Onun için, Türk Milletinin düşmanlarınca; andımız,  gençliğe hitabe ve Mustafa Kemal Atatürk’ün şahsında Türk Milletinin varlığı tartışmaya açılmaktadır. Atatürk’ün bizi hangi uçurumun kenarından çekip aldığı, Türk Milletince iyi anlaşılırsa bazılarının tükürük yağmuru altında kalacağından zerrece kuşku yoktur. Ancak bu, türlü oyunlarla engellenmeye çalışılmaktadır.

Bizlerde Balkan Savaşları’nın 100. yılını Türk toplumunun önüne getirmeye çalışıyoruz. Ancak görüyoruz ki; bundan rahatsız olanlar var. Şu ana kadar Türk Milleti ve devleti açısından pek ehemmiyet arz eden bu konu, gündeme taşınabilmiş değildir. Ben bu hususta her bir Türk evladından katkı bekliyorum.

Bu süreçte biz “Türk Milleti, Türk Milleti” dedikçe sıkıntılanan ve birbirine kaş göz oynatanlar var. Bunların medyadaki temsilcileri ardı ardına köşelerinden Balkan Muhacırlarına saldırıp, onları ürkütmeye ve korkutmaya çalışıyor. Bu saldırıların cemaat ve tarikatlardaki boyutu ise “cehennem korkusu” ile insanları Türk milliyetseverliğinden ısrarla uzak tutmak oluyor.

Bu sebeplerle; Türk Milletini “sırtına sokulan hançer”le yaşamak zorunda kalan bir insana benzetiyorum. Evet! Sırtımıza sokulu bir hançer vardır. Ve ben bu hançerle yaşamak istemiyorum.
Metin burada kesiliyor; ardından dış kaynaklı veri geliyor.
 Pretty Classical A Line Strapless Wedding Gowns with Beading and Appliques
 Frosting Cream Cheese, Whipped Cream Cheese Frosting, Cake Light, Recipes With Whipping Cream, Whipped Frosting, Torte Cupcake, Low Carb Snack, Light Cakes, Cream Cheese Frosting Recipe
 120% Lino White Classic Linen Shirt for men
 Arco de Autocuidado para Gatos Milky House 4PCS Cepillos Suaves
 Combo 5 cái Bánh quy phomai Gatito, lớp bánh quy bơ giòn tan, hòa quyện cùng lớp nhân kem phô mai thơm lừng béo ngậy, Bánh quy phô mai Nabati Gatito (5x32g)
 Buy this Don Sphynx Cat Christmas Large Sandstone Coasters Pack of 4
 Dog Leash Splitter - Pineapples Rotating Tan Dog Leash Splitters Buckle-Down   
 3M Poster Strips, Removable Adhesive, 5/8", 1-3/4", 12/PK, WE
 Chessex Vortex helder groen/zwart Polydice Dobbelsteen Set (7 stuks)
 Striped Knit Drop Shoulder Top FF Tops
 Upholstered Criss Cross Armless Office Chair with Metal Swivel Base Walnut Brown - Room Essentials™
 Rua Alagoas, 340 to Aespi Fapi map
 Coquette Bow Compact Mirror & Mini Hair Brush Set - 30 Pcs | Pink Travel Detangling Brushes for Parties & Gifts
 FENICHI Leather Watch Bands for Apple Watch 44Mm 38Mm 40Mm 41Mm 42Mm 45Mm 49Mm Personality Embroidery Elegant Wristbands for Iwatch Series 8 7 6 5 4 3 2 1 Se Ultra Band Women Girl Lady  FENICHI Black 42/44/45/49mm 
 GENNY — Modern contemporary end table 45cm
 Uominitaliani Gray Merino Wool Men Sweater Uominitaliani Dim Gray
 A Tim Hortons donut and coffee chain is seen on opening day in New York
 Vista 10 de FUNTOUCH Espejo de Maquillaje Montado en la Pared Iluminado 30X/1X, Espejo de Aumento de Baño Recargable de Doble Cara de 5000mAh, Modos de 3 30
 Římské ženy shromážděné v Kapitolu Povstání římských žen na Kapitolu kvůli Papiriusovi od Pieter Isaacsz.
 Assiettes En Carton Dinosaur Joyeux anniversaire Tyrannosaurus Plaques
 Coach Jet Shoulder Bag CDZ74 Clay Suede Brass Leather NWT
Balkan Savaşlarını ve devamı niteliğinde olan İstiklal Mücadelemizi iyi incelersek; andımıza, gençliğe hitabeye ve Atatürk’e sahip çıkmanın bayrağımıza sahip çıkmak demek olduğunu göreceğiz. Her bir Türk evladı, elbette bayrağı yere düşürmeyecektir.